I did something the other day with a wild animal that I had never done before or seen done, though I had heard of it: I carried a live skunk by the tail, and there was "nothing doing," as the boys say. I did not have to bury my clothes. I knew from observation that the skunk could not use its battery with effect without throwing its tail over its back; therefore, for once at least, I had the courage of my convictions and verified the fact.
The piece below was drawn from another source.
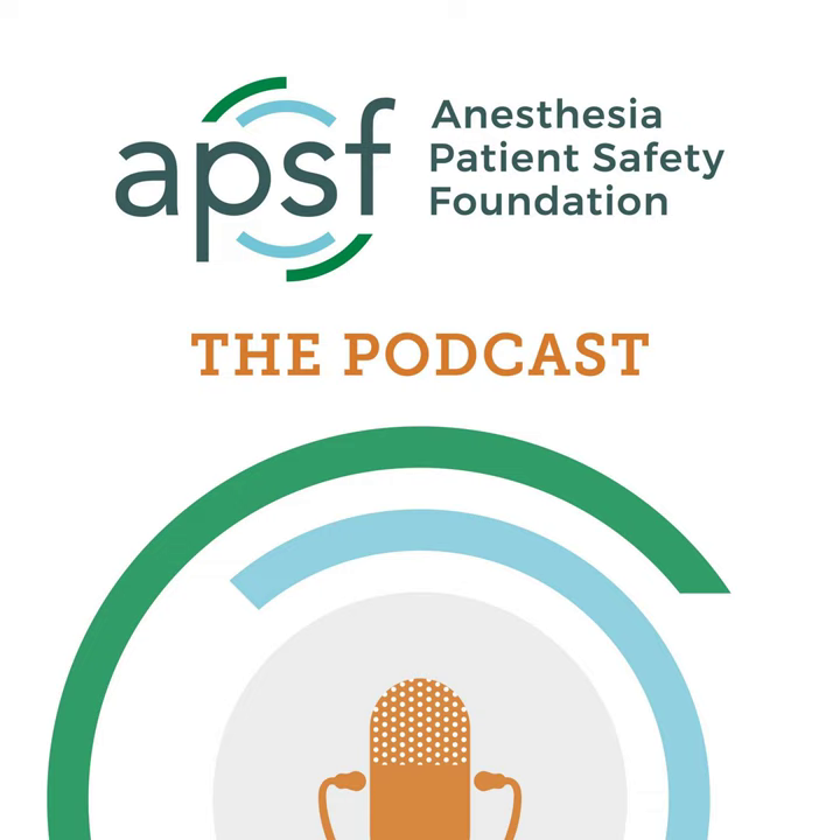One of the 10 APSF patient safety priorities is airway management, including airway management difficulties, skills, and equipment. This topic is near and dear to the hearts and clinical practice of all anesthesia professionals and is a critical part of keeping patients safe during anesthesia care. Our featured article is from the June 2022 APSF newsletter by John Fiaggio and David Mercier: Anesthesia Patient Safety Foundation Update, 2022 American Society of Anesthesiologists' Practice Guidelines for Management of the Difficult Airway.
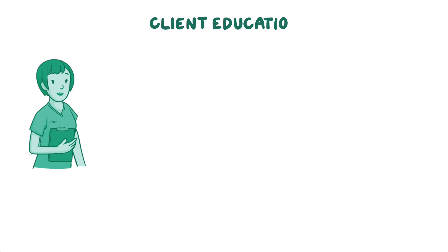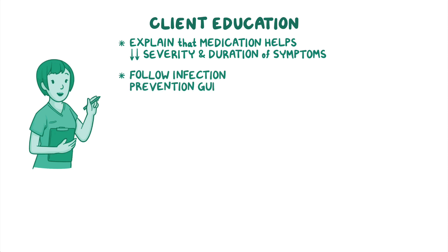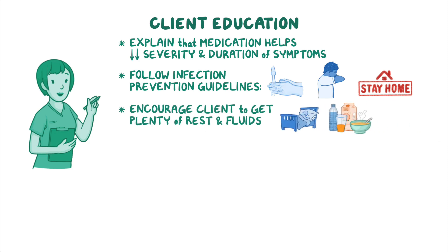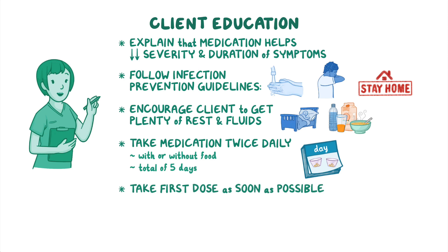Moving on to client education, explain that the medication helps reduce the severity and duration of influenza symptoms by stopping the spread of the virus in their body. Let them know that the medication doesn't prevent the spread of the virus to others, so they should follow infection prevention guidelines, like frequent hand hygiene, practicing cough etiquette, and staying home from work, school, or crowded environments. Encourage your client to get plenty of rest and fluids to promote their recovery. Instruct your client to take their medication twice daily, with or without food, for a total of 5 days, and emphasize the importance of taking their first dose as soon as possible, since it's most effective if started within 48 hours of symptom onset.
A great many intelligent persons tolerate or encourage our fake natural history on the ground that they find it entertaining, and that it interests the school-children in the wild life about them, Is the truth, then, without value for its own sake? What would these good people think of a United States school history that took the same liberties with facts that certain of our nature writers do: that, for instance, made Washington take his army over the Delaware in balloons, or in sleighs on the solid ice with bands playing; or that made Lincoln a victim of the Evil Eye; or that portrayed his slayer as a self-sacrificing hero; or that represented the little Monitor that eventful day on Hampton Roads as diving under the Merrimac and tossing it ashore on its beak?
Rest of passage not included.